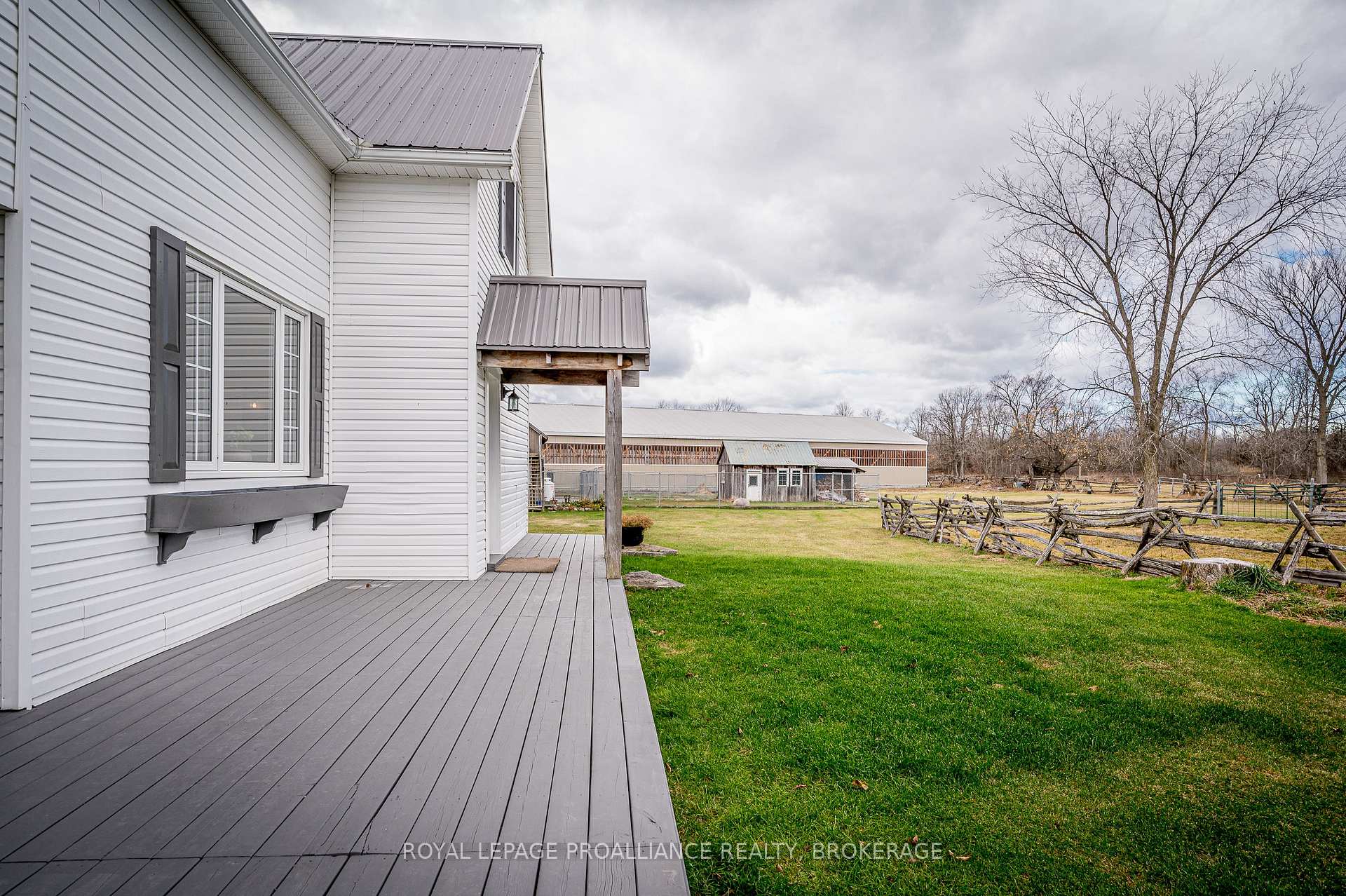 Photo 4 of 4854 Colebrook Road, Frontenac, Frontenac South — HOMEH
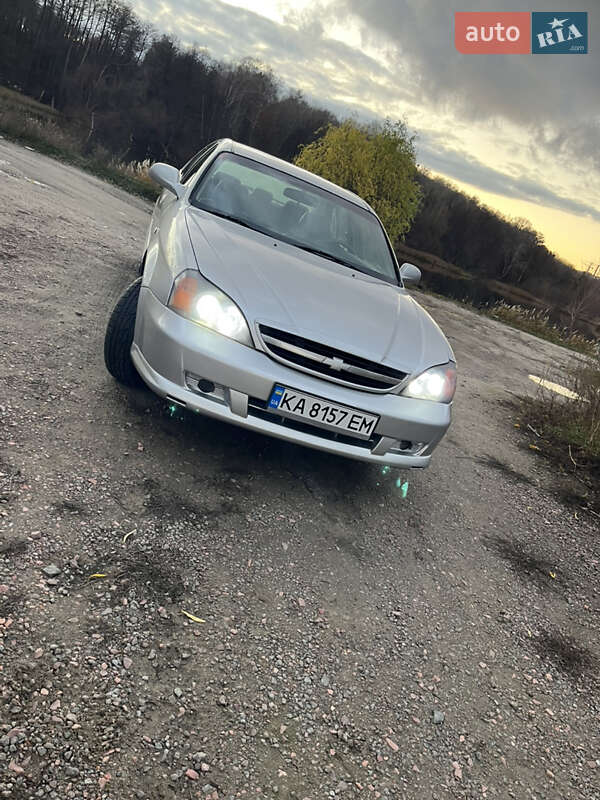 Седан Chevrolet Evanda 2006 в Киеве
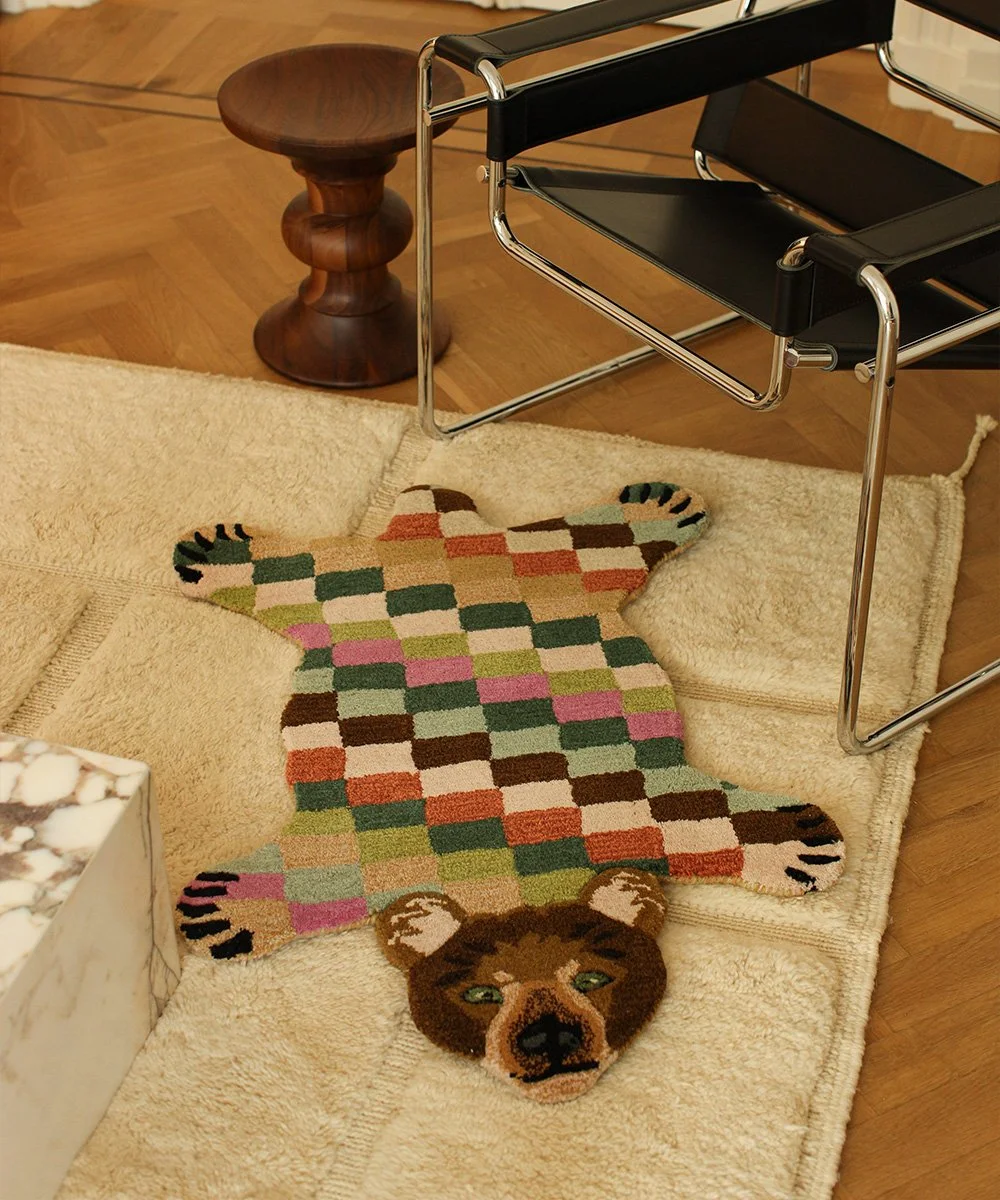 Archie-Check-Bear-Rug-Small-Doing-Goods-1.40.30.107.400.5-Gooisemannen-2-web.jpg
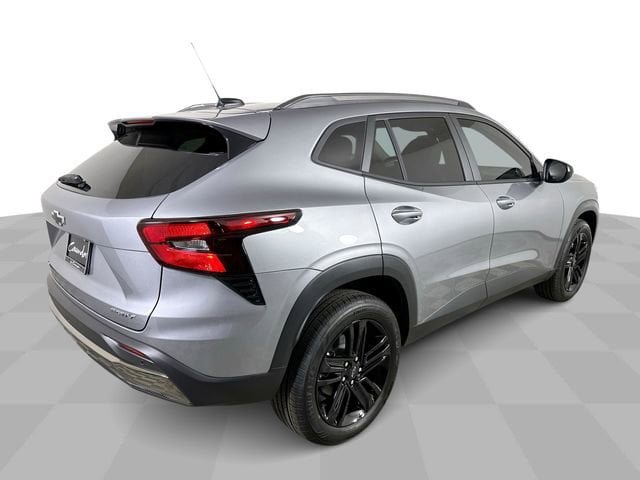 New 2026 Chevrolet Trax ACTIV FWD image 8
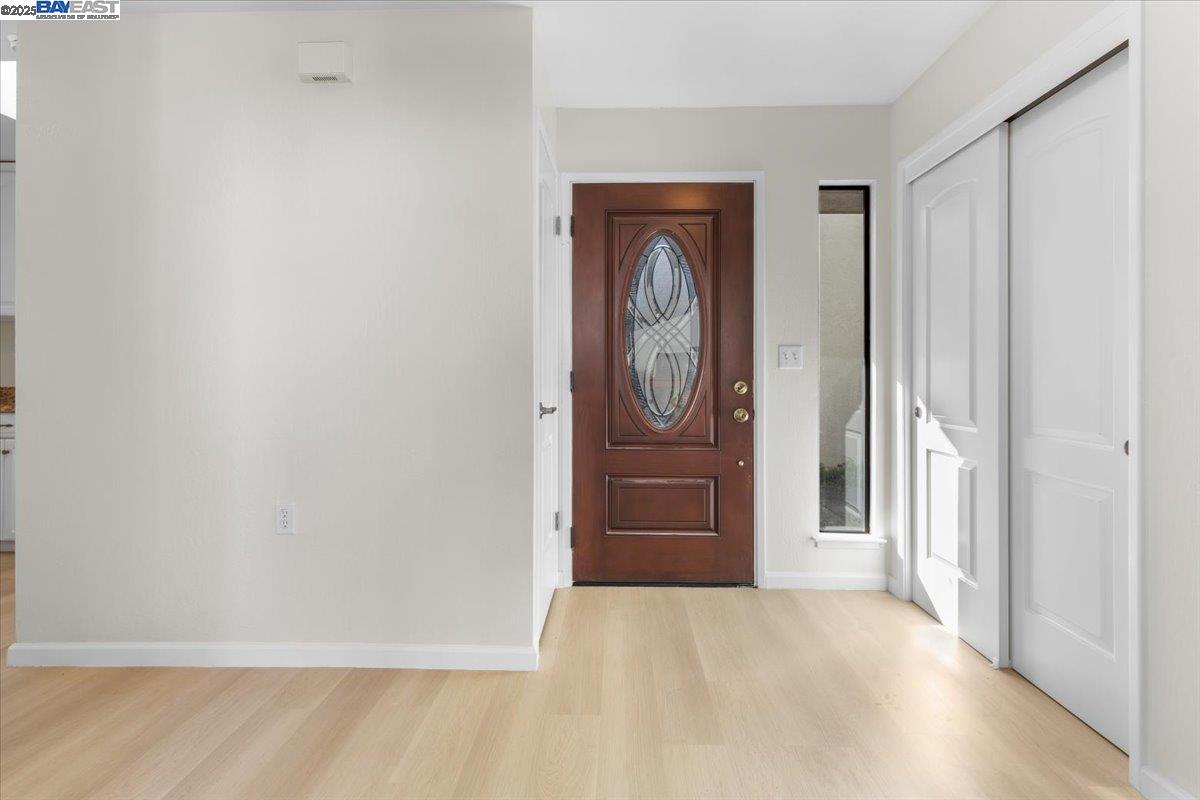 Detail Gallery Image 7 of 47 For 236 Tangerine Ct, San Ramon,  CA 94583 - 2 Beds | 2 Baths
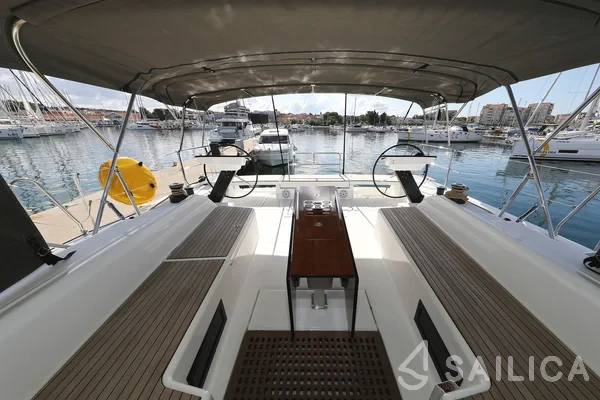 Dufour 530 - Photo #33 Dufour 530 - Yacht Charter Sailica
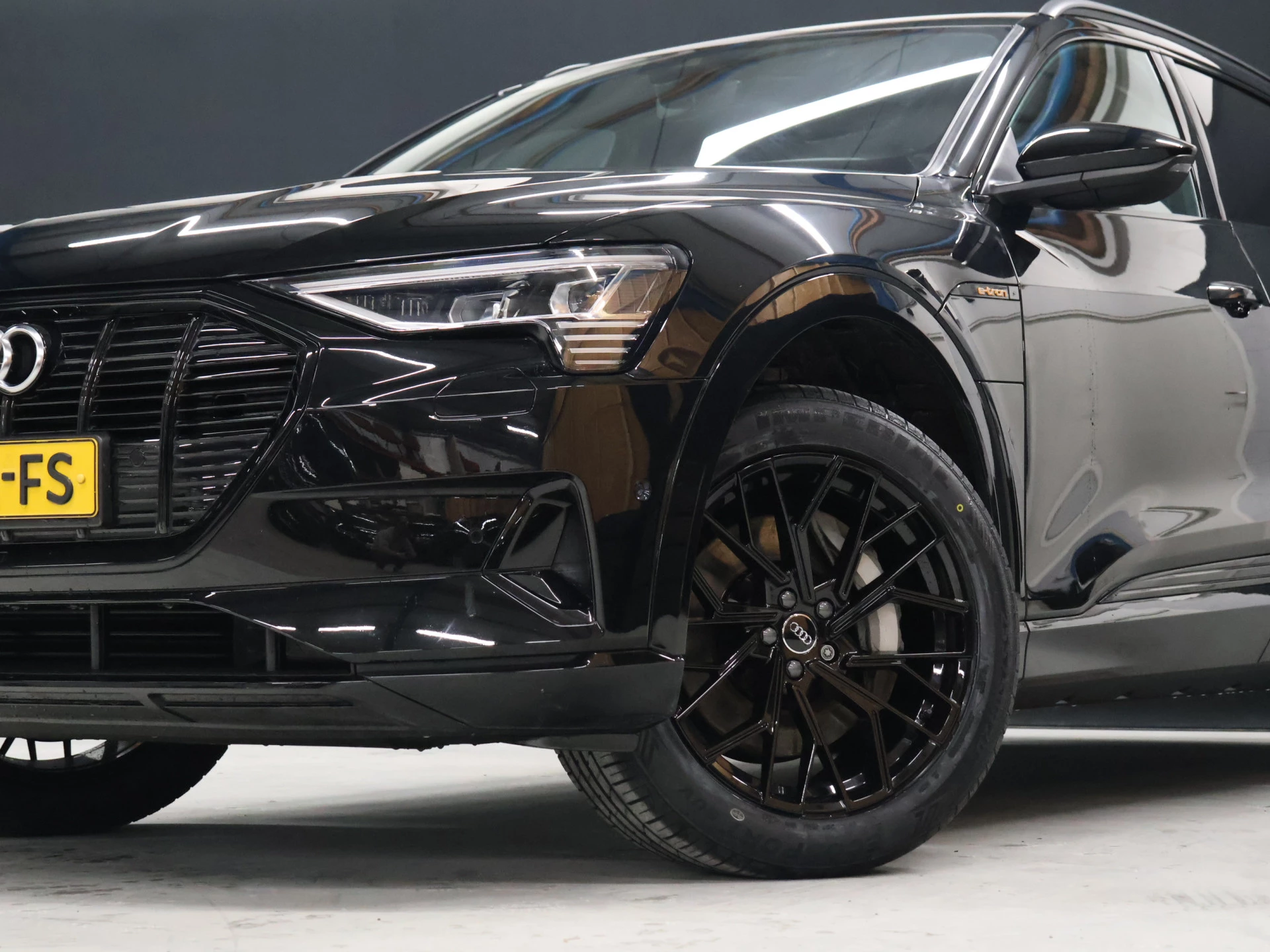 Hoofdafbeelding Audi e-tron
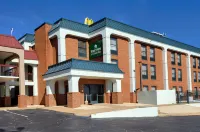 HomeTowne Studios Prattville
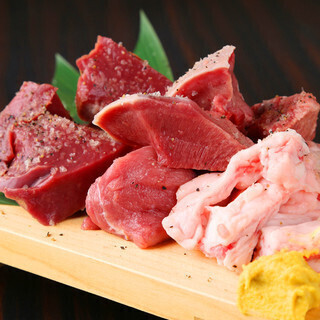 肉力屋名产!肉拼盘990日元★内脏单品290日元起♪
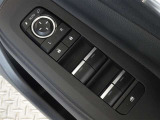 電動格納式ドアミラー・パワーウインドウを装備しています。
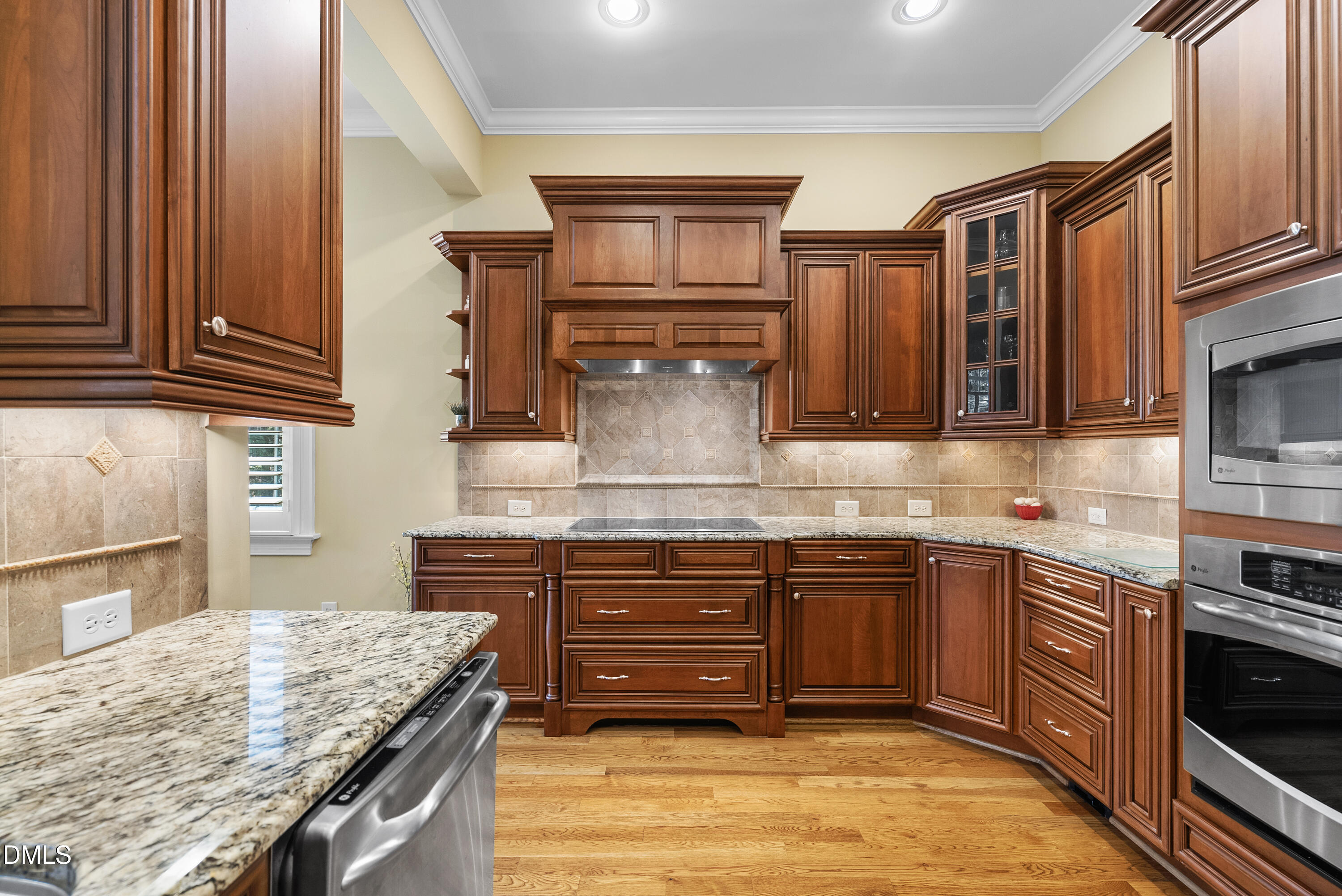 916 Overlook Ridge Road Wake Forest, NC 27587 - Photo 9 of 56 DSC07148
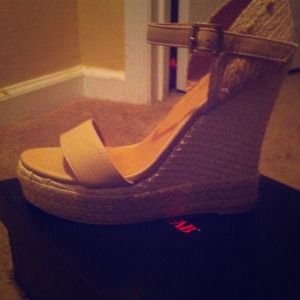 Just Fab "Majorica" Natural Wedge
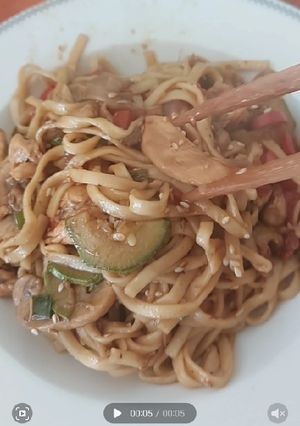 Φωτογραφία της συνταγής Noodles με κοτόπουλο!
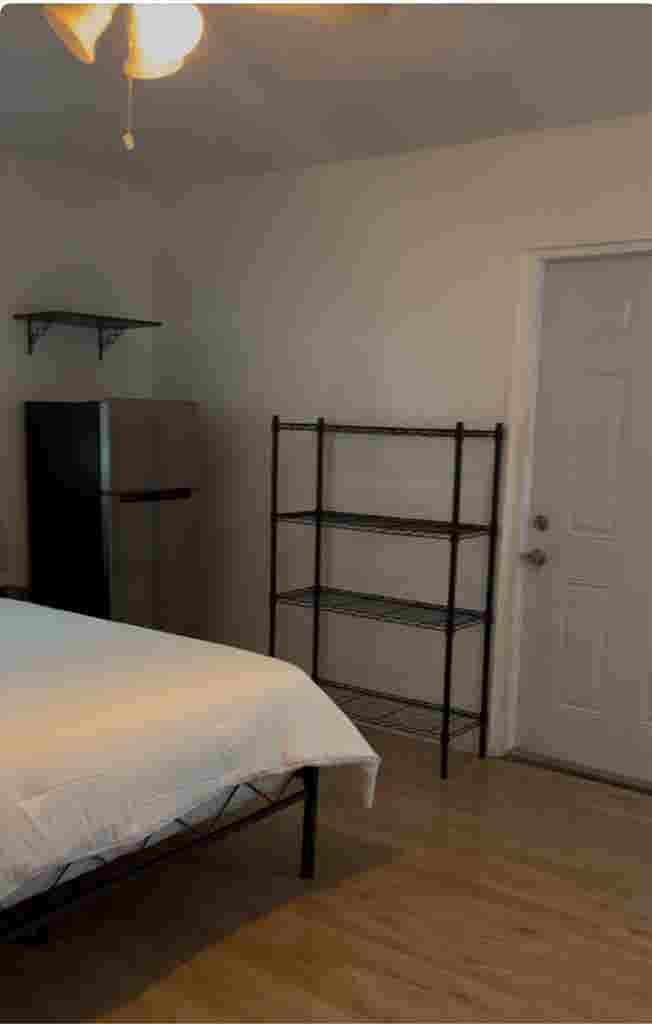 ALL INCLUDED LARGE BEDROOM FOR RENT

▶ **EXERCISE BRIEF**:
Exactly as written, restate the listing above with its pictures omitted.

▶ **RESULT OF THE EXERCISE**:
 Photo 4 of 4854 Colebrook Road, Frontenac, Frontenac South — HOMEH
 Седан Chevrolet Evanda 2006 в Киеве
 Archie-Check-Bear-Rug-Small-Doing-Goods-1.40.30.107.400.5-Gooisemannen-2-web.jpg
 New 2026 Chevrolet Trax ACTIV FWD image 8
 Detail Gallery Image 7 of 47 For 236 Tangerine Ct, San Ramon,  CA 94583 - 2 Beds | 2 Baths
 Dufour 530 - Photo #33 Dufour 530 - Yacht Charter Sailica
 Hoofdafbeelding Audi e-tron
 HomeTowne Studios Prattville
 肉力屋名产!肉拼盘990日元★内脏单品290日元起♪
 電動格納式ドアミラー・パワーウインドウを装備しています。
 916 Overlook Ridge Road Wake Forest, NC 27587 - Photo 9 of 56 DSC07148
 Just Fab "Majorica" Natural Wedge
 Φωτογραφία της συνταγής Noodles με κοτόπουλο!
 ALL INCLUDED LARGE BEDROOM FOR RENT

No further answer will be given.